Responsable d'atrocités -décapitations, rapts, viols, nettoyage ethnique- et fort de dizaines de milliers d'hommes, l'EI a intégré ces deux régions à son "califat" proclamé en juin 2014 sur les larges pans de territoire conquis à cheval en Syrie et en Irak.
"Les combattants de l'EI sont dans toutes les parties de Palmyre, y compris près du site archéologique", a affirmé à l'AFP Rami Abdel Rahmane, directeur de l'Observatoire syrien des droits de l'Homme (OSDH).
Le pouvoir, qui a connu de multiples revers ces derniers mois, a reconnu sa défaite, affirmant que son armée "s'était retirée après l'entrée d'un grand nombre de terroristes".

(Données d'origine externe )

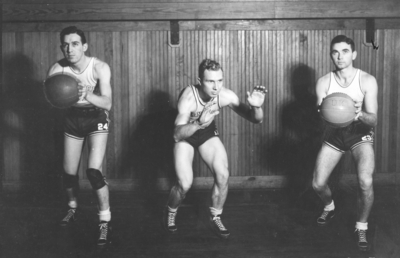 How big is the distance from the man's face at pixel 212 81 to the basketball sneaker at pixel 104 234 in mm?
1696

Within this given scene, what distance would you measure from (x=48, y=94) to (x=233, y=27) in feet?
9.43

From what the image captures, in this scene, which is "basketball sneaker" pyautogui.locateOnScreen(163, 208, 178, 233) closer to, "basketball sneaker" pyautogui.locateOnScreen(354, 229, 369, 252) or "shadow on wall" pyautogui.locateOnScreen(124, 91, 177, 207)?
"shadow on wall" pyautogui.locateOnScreen(124, 91, 177, 207)

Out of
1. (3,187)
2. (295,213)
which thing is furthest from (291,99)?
(3,187)

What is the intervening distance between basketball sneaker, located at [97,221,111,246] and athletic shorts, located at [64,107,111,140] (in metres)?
0.96

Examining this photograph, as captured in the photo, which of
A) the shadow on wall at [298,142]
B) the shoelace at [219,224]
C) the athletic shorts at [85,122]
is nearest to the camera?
the shoelace at [219,224]

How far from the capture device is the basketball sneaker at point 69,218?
175 inches

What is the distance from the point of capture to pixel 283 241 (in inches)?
155

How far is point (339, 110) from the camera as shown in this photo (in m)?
3.70

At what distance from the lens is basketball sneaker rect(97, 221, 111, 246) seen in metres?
3.88

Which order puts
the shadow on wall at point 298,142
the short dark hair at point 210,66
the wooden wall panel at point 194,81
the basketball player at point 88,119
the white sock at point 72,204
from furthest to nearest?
the shadow on wall at point 298,142, the wooden wall panel at point 194,81, the white sock at point 72,204, the basketball player at point 88,119, the short dark hair at point 210,66

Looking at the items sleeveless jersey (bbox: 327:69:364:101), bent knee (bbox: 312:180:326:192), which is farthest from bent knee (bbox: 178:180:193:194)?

L'EI, intervenue dans la guerre en Syrie en 2013, a revendiqué sur Twitter la prise de Palmyre, inscrite par l'Unesco au patrimoine mondial de l'humanité et située dans la province centrale de Homs.
'Perte pour l'humanité'
L'armée a abandonné ses positions, notamment aux renseignements militaires, à l'aéroport militaire et à la prison, a indiqué l'OSDH.
La bataille de Palmyre déclenchée le 13 mai a fait près de 500 morts et poussé une partie des habitants à la fuite, selon l'ONG.
La directrice générale de l'Unesco, Irina Bokova, a affirmé que "toute destruction à Palmyre serait (...) une énorme perte pour l'humanité" et a réitéré son appel au Conseil de sécurité de l'ONU à agir.
L'Union européenne s'est émue du risque de nouveaux "crimes de guerre" à Palmyre.
Le directeur des Antiquités syriennes, Maamoun Abdelkarim, a exhorté le monde entier à se mobiliser pour sauver Palmyre de la "barbarie". "Il s'agit d'une bataille mondiale".
Avec la prise de Palmyre, l'EI contrôle "désormais plus de 95.000 km2 en Syrie, soit 50% du territoire du pays", d'après l'OSDH.
Le groupe contrôle en effet la majeure partie des provinces de Deir Ezzor et Raqa (nord), et a une forte présence à Hassaké (nord-est), Alep (nord), Homs et Hama (centre). Il est aussi maître de la quasi-totalité des champs pétroliers et gaziers de Syrie après la prise de deux champs gaziers près de Palmyre.
Homs et Damas menacées
"Palmyre est un secteur très stratégique et peut être utilisé maintenant pour lancer des attaques en direction de Homs et Damas", déclare Matthew Henman, chef de l'IHS Jane's Terrorism and Insurgency Centre.
Fabrice Balanche, géographe et spécialiste de la Syrie, acquiesce. "La prise de Palmyre ouvre la voie vers Damas et Homs. A terme, cet axe peut être menacé".
Selon lui l'EI domine désormais "un carrefour de première importance (...) qui ouvre une nouvelle route vers l'Irak, Al-Anbar et sa capitale Ramadi".
"L'EI "créé une continuité géographique avec l'Irak à travers la steppe syrienne".
A la question de savoir pourquoi l'armée n'avait pas tenu à Palmyre, il a évoqué "la diversité des fronts" de la guerre entre pouvoir et rebelles depuis 2011 qui "a empêché l'armée de mobiliser des troupes" pour cette cité.
Ailleurs en Syrie, un homme a été tué dans des tirs d'obus près de l'ambassade de Russie, alliée de Damas.
A Alep, 40 rebelles ont péri dans un raid du pouvoir contre un secteur rebelle, selon l'OSDH.